Pharmacotherapeutic group: antiparasitic products, ectoparasiticides, endectocides for systemic use (milbemycin combinations)
ATC vet code: QP54AB51
Lotilaner is an insecticide and acaricide of the isoxazoline family. It is a pure enantiomer that is active against adult ticks such as Dermacentor reticulatus, Ixodes hexagonus, I. ricinus, Rhipicephalus sanguineus, adult fleas such as Ctenocephalides felis and C. canis as well as Demodex canis mites.

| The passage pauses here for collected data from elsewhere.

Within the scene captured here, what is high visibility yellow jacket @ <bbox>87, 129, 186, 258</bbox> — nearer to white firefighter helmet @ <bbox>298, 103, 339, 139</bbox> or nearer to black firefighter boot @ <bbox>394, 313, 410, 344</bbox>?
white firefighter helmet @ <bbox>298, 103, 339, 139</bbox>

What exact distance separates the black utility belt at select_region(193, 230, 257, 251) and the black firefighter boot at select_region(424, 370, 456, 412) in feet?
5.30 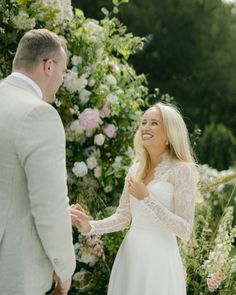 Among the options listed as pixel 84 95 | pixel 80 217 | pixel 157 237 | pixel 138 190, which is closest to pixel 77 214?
pixel 80 217

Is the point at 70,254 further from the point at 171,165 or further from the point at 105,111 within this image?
the point at 105,111

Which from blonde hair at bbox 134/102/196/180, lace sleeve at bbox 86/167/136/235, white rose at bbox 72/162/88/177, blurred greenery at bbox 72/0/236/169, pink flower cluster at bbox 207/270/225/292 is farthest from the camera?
blurred greenery at bbox 72/0/236/169

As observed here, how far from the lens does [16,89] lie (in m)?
2.88

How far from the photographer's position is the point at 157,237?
3.88 m

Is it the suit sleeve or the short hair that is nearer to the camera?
the suit sleeve

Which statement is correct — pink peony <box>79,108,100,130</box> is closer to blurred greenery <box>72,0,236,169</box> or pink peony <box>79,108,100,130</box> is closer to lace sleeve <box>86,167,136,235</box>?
lace sleeve <box>86,167,136,235</box>

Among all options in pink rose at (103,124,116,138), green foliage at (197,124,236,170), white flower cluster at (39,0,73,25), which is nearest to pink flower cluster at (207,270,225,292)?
pink rose at (103,124,116,138)

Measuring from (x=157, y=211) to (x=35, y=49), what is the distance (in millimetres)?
1285

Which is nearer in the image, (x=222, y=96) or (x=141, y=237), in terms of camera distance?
(x=141, y=237)

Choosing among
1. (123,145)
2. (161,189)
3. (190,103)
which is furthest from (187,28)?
(161,189)

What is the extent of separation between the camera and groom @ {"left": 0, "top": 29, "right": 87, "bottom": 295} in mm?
2740

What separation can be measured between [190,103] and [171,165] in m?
15.4

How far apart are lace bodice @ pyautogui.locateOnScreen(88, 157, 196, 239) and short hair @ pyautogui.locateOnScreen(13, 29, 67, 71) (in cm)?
119

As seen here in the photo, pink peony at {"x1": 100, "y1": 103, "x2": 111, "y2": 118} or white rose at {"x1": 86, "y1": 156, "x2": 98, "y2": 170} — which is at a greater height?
pink peony at {"x1": 100, "y1": 103, "x2": 111, "y2": 118}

Lotilaner is a potent inhibitor of gamma–aminobutyric acid (GABA)-gated chloride channels and to a lesser extent of glutamate-gated chloride ion channels of insects and ticks, resulting in rapid death of ticks and fleas. The activity of lotilaner has not been found to be affected by resistance to organochlorines (cyclodienes, e.g. dieldrin), phenylpyrazoles (e.g. fipronil), neonicotinoids (e.g. imidacloprid), formamidines (e.g. amitraz) and pyrethroids (e.g. cypermethrin).
For ticks, the onset of efficacy is within 48 hours of attachment for one month after product administration. Existing I. ricinus ticks present on the dog prior to administration are killed within 8 hours.
For fleas, the onset of efficacy is within 4 hours of being infested for one month after product administration. Fleas present on the dog prior to administration are killed within 6 hours.
The veterinary medicinal product kills existing and newly emerged flea infestations on dogs before the female can lay eggs. Therefore, the product breaks the flea life cycle and prevents environmental flea contamination in areas to which the dog has access.
Milbemycin oxime is a systemically active macrocyclic lactone isolated from the fermentation of Streptomyces hygroscopicus var. aureolacrimosus. It contains two major factors, A3 and A4 (ratio of A3:A4 is 20:80). Milbemycin oxime is an antiparasitic endectocide with activity against mites, larval and adult stages of nematodes as well as larvae (L3/L4) of Dirofilaria immitis.
The activity of milbemycin oxime is related to its action on invertebrate neurotransmission. Milbemycin oxime, like avermectins and other milbemycins, increases nematode and insect membrane permeability to chloride ions via glutamate-gated chloride ion channels. This leads to hyperpolarisation of the neuromuscular membrane and flaccid paralysis and death of the parasite.
Lotilaner is readily absorbed following oral administration and peak plasma concentration is reached within 3‒5 hours. Milbemycin A3 5-oxime and milbemycin A4 5-oxime are also rapidly absorbed following oral administration with a Tmax of approximately 2‒4 hours for each drug substance. Food enhances the absorption of both lotilaner and milbemycin oxime. The bioavailability of lotilaner is 75% and that of milbemycin (A3 and A4 5-oximes) is approximately 60%.
Lotilaner and milbemycin A3 and A4 5-oximes are extensively distributed in dogs where volume of distribution after intravenous administration is 3‒4 L/kg. Plasma protein binding is high for both lotilaner and milbemycin oxime (> 95%).
Metabolism and Excretion
Lotilaner is metabolized to a small extent into more hydrophilic compounds which are observed in faeces and urine.
The major route of elimination for lotilaner is biliary excretion, with renal excretion being the minor route of elimination (less than 10% of the dose). The terminal half-life is approximately 24 days. This long terminal half-life provides effective blood concentrations for the entire duration of the inter-dosing interval. With repeated monthly doses, slight accumulation is observed with steady state being reached after the fourth monthly dose.
The primary faecal and urinary metabolites of milbemycin oxime in dog were identified as glucuronide conjugates of milbemycin A3 or A4 5-oximes, dealkylated milbemycin A3 or A4 5-oximes, and hydroxylated milbemycin A4 5-oxime. Hydroxymilbemycin A4 5-oxime was detected only in plasma, but not in urine or faeces, suggesting predominant excretion of conjugated metabolites in the dog.
Milbemycin A4 5-oxime eliminates more slowly than milbemycin A3 5-oxime (clearance after intravenous administration was 47.0 and 106.8 mL/h/kg, respectively) resulting in exposure (AUC) to milbemycin A4 that is higher than to milbemycin A3 5-oxime. The mean elimination half-lives were 27 hours for A3 and 57 hours for A4. Excretion of milbemycin A3 and A4 5-oxime is primarily via faeces, and also to a lesser extent in the urine.